A criminal conviction for federal income tax evasion “works a collateral estoppel on the issue of fraud in a subsequent civil suit over a fraud penalty.” Moore v. United States, 360 F.2d 353, 354 (4th Cir. 1966), cert. denied, 385 U.S. 1001, 87 S.Ct. 704, 17 L.Ed.2d 541 (1967), cited with approval in Blonder-Tongue Laboratories, Inc. v. University of Illinois Foundation, 402 U.S. 313, 327 n.16, 91 S.Ct. 1434, 1442 n.16, 28 L.Ed.2d 788 (1971). See also Allen v. McCurry, 449 U.S. at 95 n.6, 101 S.Ct. at 414 n.6, 66 L.Ed.2d at 313 n.6. Fontneau argues, however, that this case presents an exception to the application of the doctrine of collateral estoppel under the principles set forth in Worcester v. Commissioner, 370 F.2d 713 (1st Cir. 1966). In Worcester this court refused to collaterally estop Worcester from relitigating the issue of civil tax fraud where the trial court, in the criminal action, in offering to suspend sentence and place Worcester on probation, conditioned the offer on the waiver of his right to appeal from the criminal conviction.

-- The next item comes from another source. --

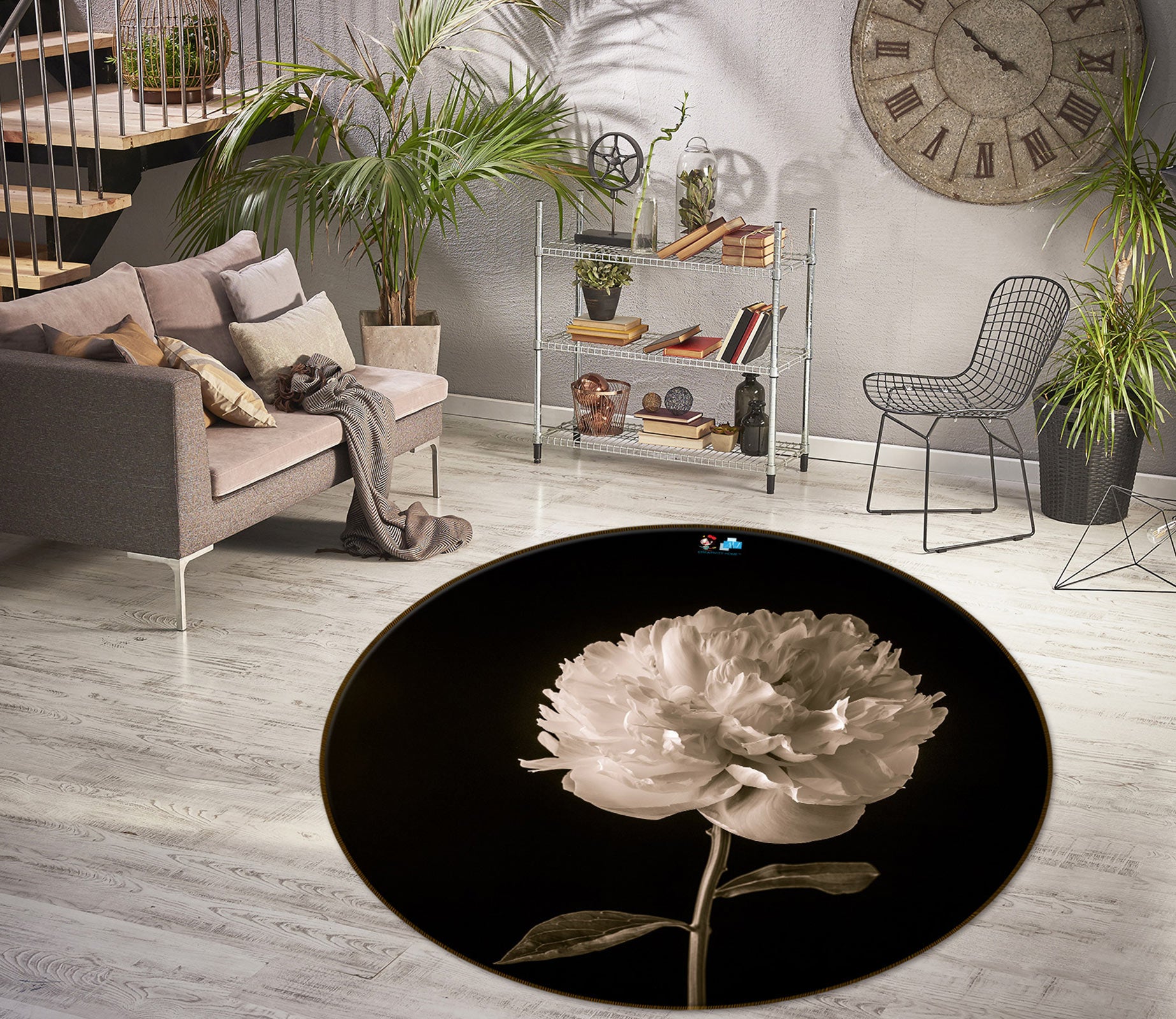 3D Elegant Flower 7521 Assaf Frank Rug Round Non Slip Rug Mat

Id., 370 F.2d at 718. Worcester clearly fits into the category of cases wherein the defendant has been denied his right to a full and fair opportunity to litigate the issue in question to a final conclusion.

Fontneau has not presented any evidence to this court that he has been denied such an opportunity. In fact, the record reveals that, despite failing to appeal his conviction, Fontneau has had a hearing on the issue of the validity of his guilty plea to a charge of tax evasion for 1968. The trial judge, in the post-conviction hearing, denied Fontneau’s petition on October 7, 1975. Fontneau chose not to appeal that decision. If Fontneau desired to contest that decision, he should have done so by a direct appeal. It is inappropriate for him to attack it collaterally before this court.

Finally, Fontneau admits in his brief that at the time of his guilty plea he realized that he would be required to pay income taxes and civil fraud penalties for 1968. Appellant’s brief at 3, 5. The proper time to contest his liability for 1968 was therefore when he was still before the trial court in the criminal action. Fontneau chose to plead guilty, fully cognizant of the ramifications in terms of civil penalties. Scarce judicial resources would be dissipated were he allowed to relitigate this issue collaterally in a subsequent civil suit.

Affirmed. 
      
      . The trial judge, in denying the requested change of plea to nolo contendere, stated:
      [Fontneau] pleaded guilty to the one count in the indictment, he knew that he would have to pay all the taxes, interest, and penalties for the year covered by that one count; 1988.
      ******
      I [the trial judge] certainly would not have fined him a paltry $1,000 had I not been aware that he was going to have to pay a sum greatly in excess of that because of the taxes due and the civil fraud penalty.